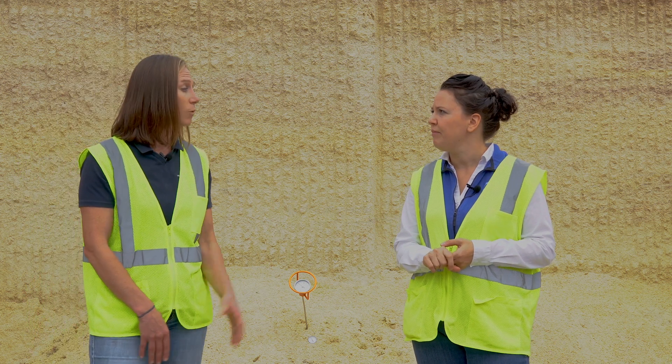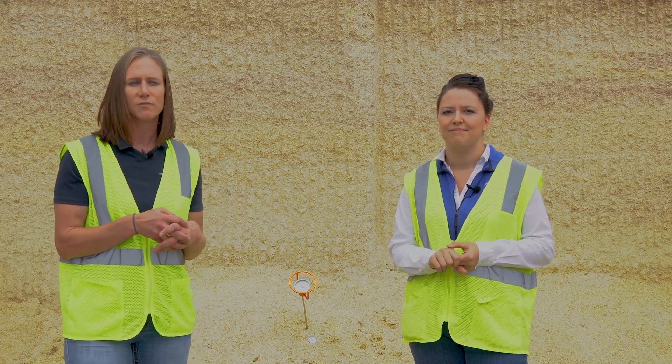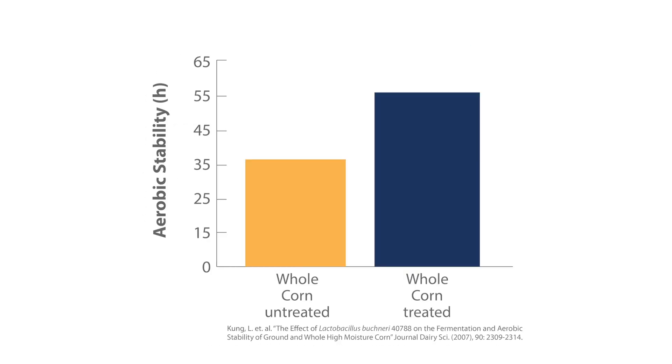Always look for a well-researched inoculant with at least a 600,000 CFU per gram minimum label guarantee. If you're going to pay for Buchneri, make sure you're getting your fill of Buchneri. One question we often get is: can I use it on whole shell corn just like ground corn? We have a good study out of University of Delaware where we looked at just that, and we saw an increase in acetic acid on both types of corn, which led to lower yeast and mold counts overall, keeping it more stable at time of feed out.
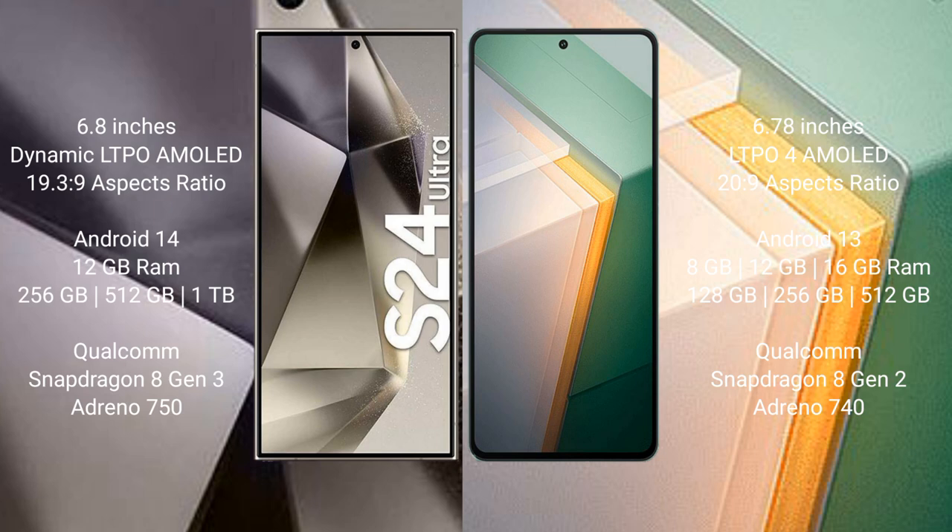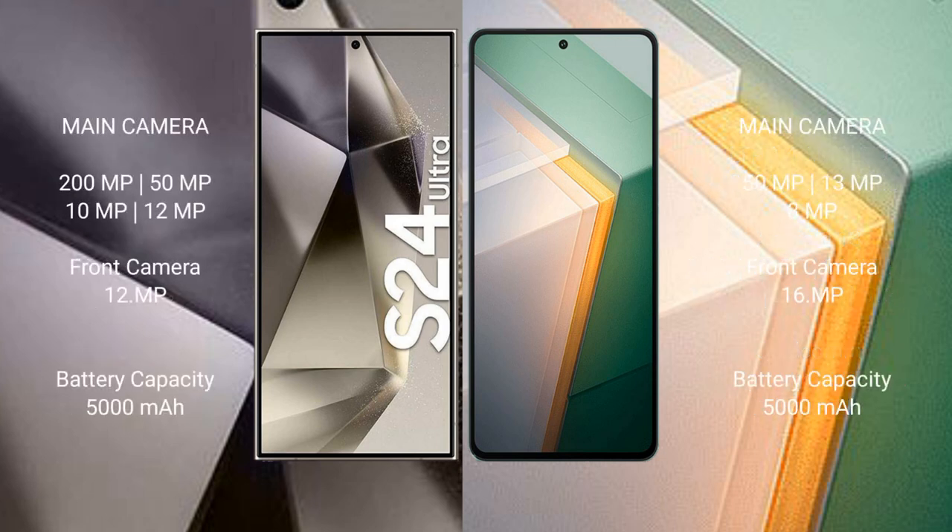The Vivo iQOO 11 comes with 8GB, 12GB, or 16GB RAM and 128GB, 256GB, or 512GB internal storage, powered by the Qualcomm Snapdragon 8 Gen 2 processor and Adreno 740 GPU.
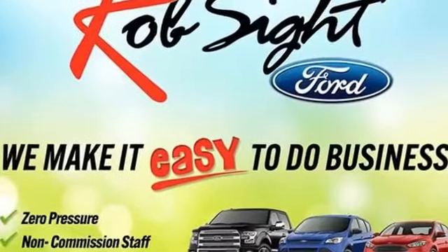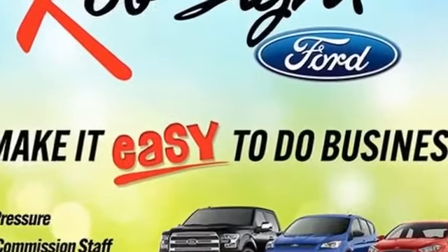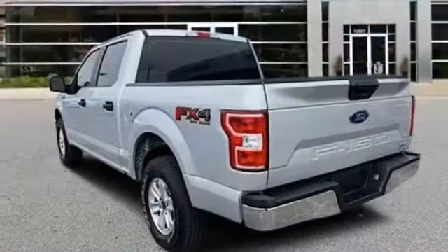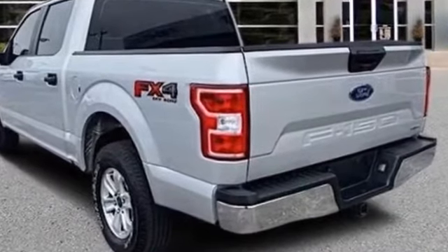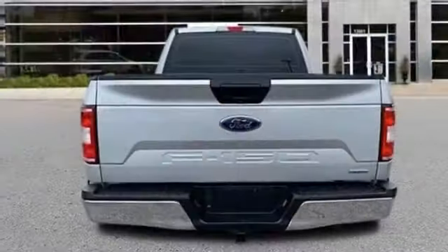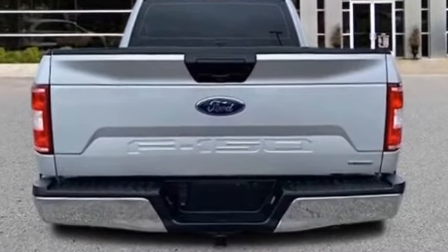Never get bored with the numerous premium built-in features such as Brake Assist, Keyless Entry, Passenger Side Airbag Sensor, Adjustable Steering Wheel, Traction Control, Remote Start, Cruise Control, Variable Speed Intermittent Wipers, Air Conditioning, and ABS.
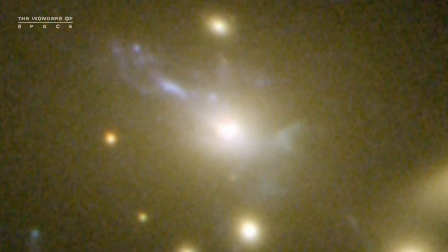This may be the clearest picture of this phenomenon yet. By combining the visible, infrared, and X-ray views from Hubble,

**Work request**. Please transcribe the whole listing above exactly, with the images left out.

**Result**.
Always look for a well-researched inoculant with at least a 600,000 CFU per gram minimum label guarantee. If you're going to pay for Buchneri, make sure you're getting your fill of Buchneri. One question we often get is: can I use it on whole shell corn just like ground corn? We have a good study out of University of Delaware where we looked at just that, and we saw an increase in acetic acid on both types of corn, which led to lower yeast and mold counts overall, keeping it more stable at time of feed out.
The Vivo iQOO 11 comes with 8GB, 12GB, or 16GB RAM and 128GB, 256GB, or 512GB internal storage, powered by the Qualcomm Snapdragon 8 Gen 2 processor and Adreno 740 GPU.
Never get bored with the numerous premium built-in features such as Brake Assist, Keyless Entry, Passenger Side Airbag Sensor, Adjustable Steering Wheel, Traction Control, Remote Start, Cruise Control, Variable Speed Intermittent Wipers, Air Conditioning, and ABS.
This may be the clearest picture of this phenomenon yet. By combining the visible, infrared, and X-ray views from Hubble,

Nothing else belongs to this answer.